→ Source material
☆ ☆ ☆ ☆

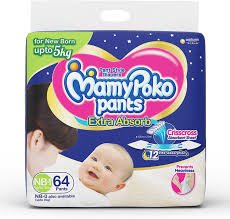 MamyPoko Pants Extra Absorb Diaper (L, 9-14 kg, 64 pieces)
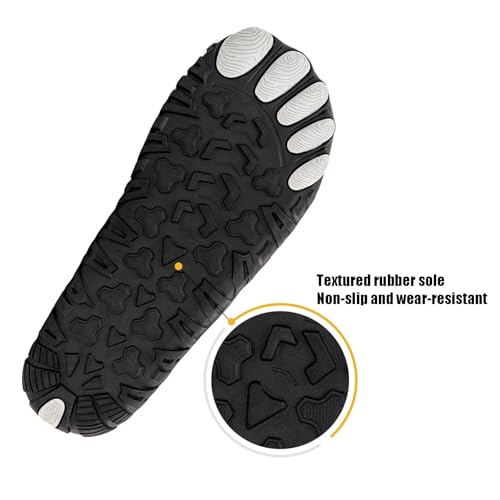 Mens Waterproof Warm Slip-On Snow Boots with Side Zipper Winter Fur Lined Non-Slip Outdoor Comfortable Walking Shoes4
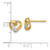 Sterling Silver Gold-tone Polished CZ Love Knot Heart Post Earrings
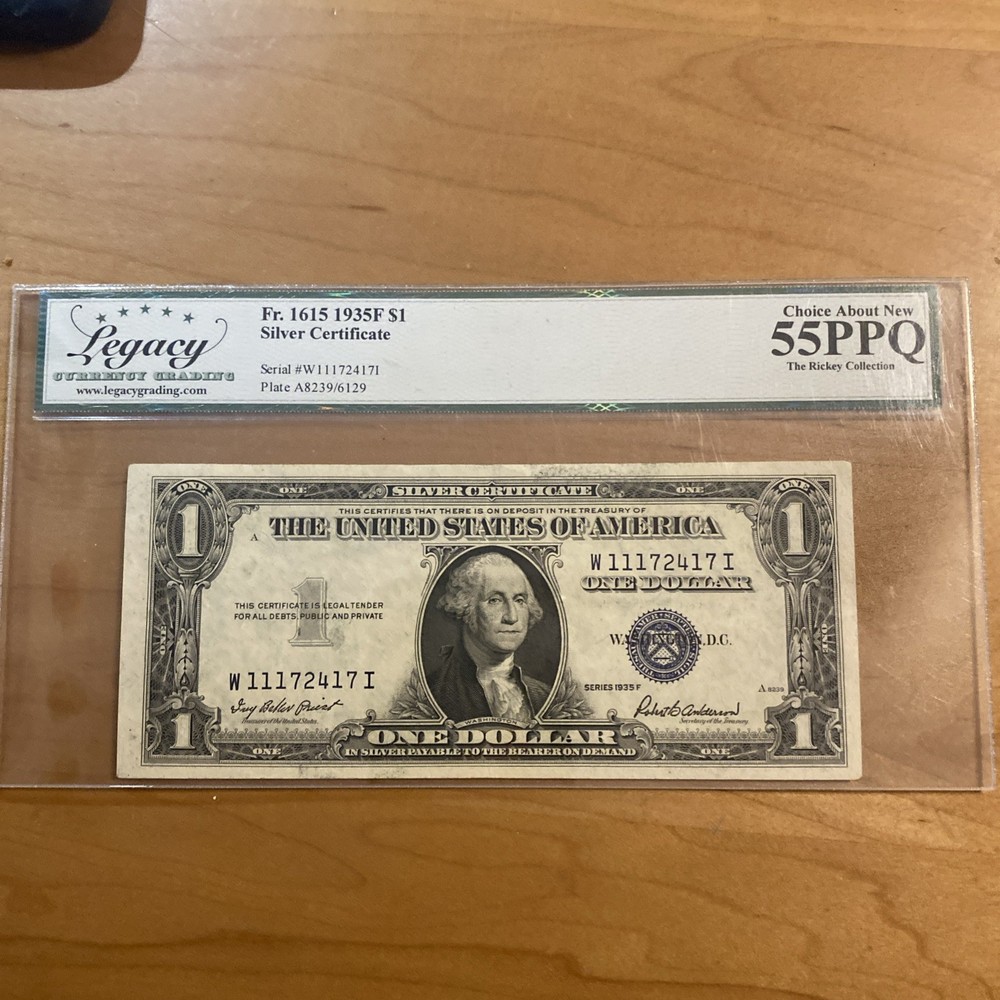 1935F $1 Silver Certificate 55PPQ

☆ ☆ ☆ ☆

→ What to do
Everything in the data above, apart from the pictures, should be retyped exactly.

→ Exercise output
 MamyPoko Pants Extra Absorb Diaper (L, 9-14 kg, 64 pieces)
 Mens Waterproof Warm Slip-On Snow Boots with Side Zipper Winter Fur Lined Non-Slip Outdoor Comfortable Walking Shoes4
 Sterling Silver Gold-tone Polished CZ Love Knot Heart Post Earrings
 1935F $1 Silver Certificate 55PPQ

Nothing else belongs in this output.